Ко дню памяти (19 мая/1 июня) святого благоверного великого князя Димитрия Донского (1350-1389) мы впервые переиздаём одну из статей русского православного мыслителя, церковного историка, публициста, писателя, журналиста, издателя, поэта, искусствоведа, церковного композитора и дирижера В.И. Аскоченского (1813-1879).
Публикацию (приближенную к современной орфографии) специально для Русской Народной Линии (по изданию: Аскоченский В.И. [Без подп.] Димитрий Донской, обезславленный г. Костомаровым // Домашняя беседа для народного чтения.- 1864.- Вып. 18.- С.433-438) подготовил профессор А. Д. Каплин. Постраничные сноски автора заменены концевыми. Название и примечания в квадратных скобках - составителя.
+ + +
Димитрий Донской, обезславленный г. Костомаровым
Невыразимым оскорблением должно было возмутиться не только патриотическое, но и религиозное чувство всякого истиннорусского человека статьею г. Костомарова [1], напечатанного в Месяцеслове на 1864 год. Пресловутый экс-профессор, задавшись вопросом о Куликовской битве, которая положила основание освобождению России от ига татарского, в какой-то странной и необъяснимой досаде на «совершившийся факт», вздумал втоптать в грязь приснопамятное и глубокочтимое русским народом имя героя Димитрия Донского [2], оболгав вместе с тем и св. Сергия Радонежского и безцеремонно исковеркав все исторические данные. С нетерпением ожидали мы отзывов петербургских ученых на оскорбительную клевету их собрата; но, видно, я для них точно также, как и для г. Костомарова, все равно, что Мамай, что Ягайло, что Димитрий Донской. Циническая выходка «темного человека» была единственным отголоском измельчавшей петербургской прессы[i].

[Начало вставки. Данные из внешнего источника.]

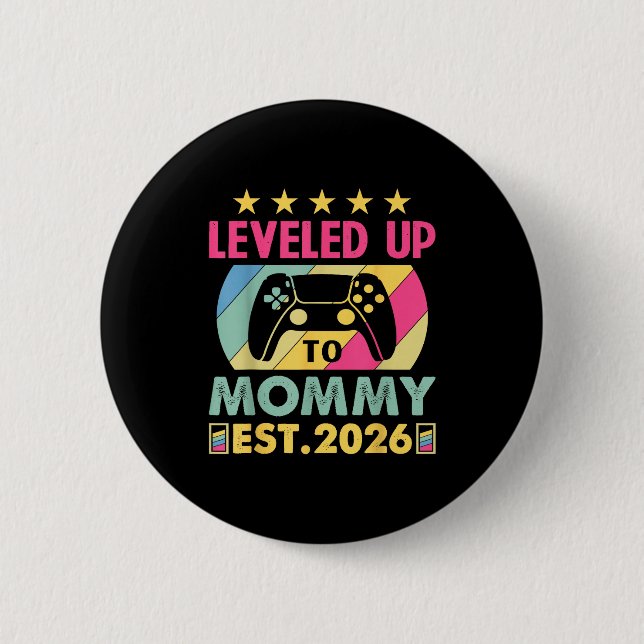 Cute Leveled Up To Mommy 2026 Awesome Promoted To  Button (Vorderseite)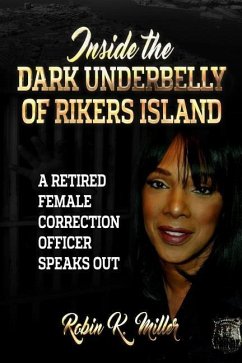 Inside the Dark Underbelly of Rikers Island: (A Retired Female Correction Officer Speaks Out) - Miller, Robin K.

И кто знает, быть может, так бы и остался верх за петербургским монополистом-историком, если б ветеран нашей литературы Михаил Петрович Погодин [3] не возвысил честного и правдивого голоса в оборону незабвенного героя Руси православной[ii]. Примите же, Михаил Петрович, землекасательный поклон наш, и да будет стыдно г. Костомарову за его неуважение к святыне земли русской, за дерзкое посягательство на великое имя Дмитрия Донского и уничижение великой битвы, ставшей зарею прекрасного дня для нашего богохранимого отечества, - за то, что он приравнял влияние Москвы на Русь тяготению татарскому!...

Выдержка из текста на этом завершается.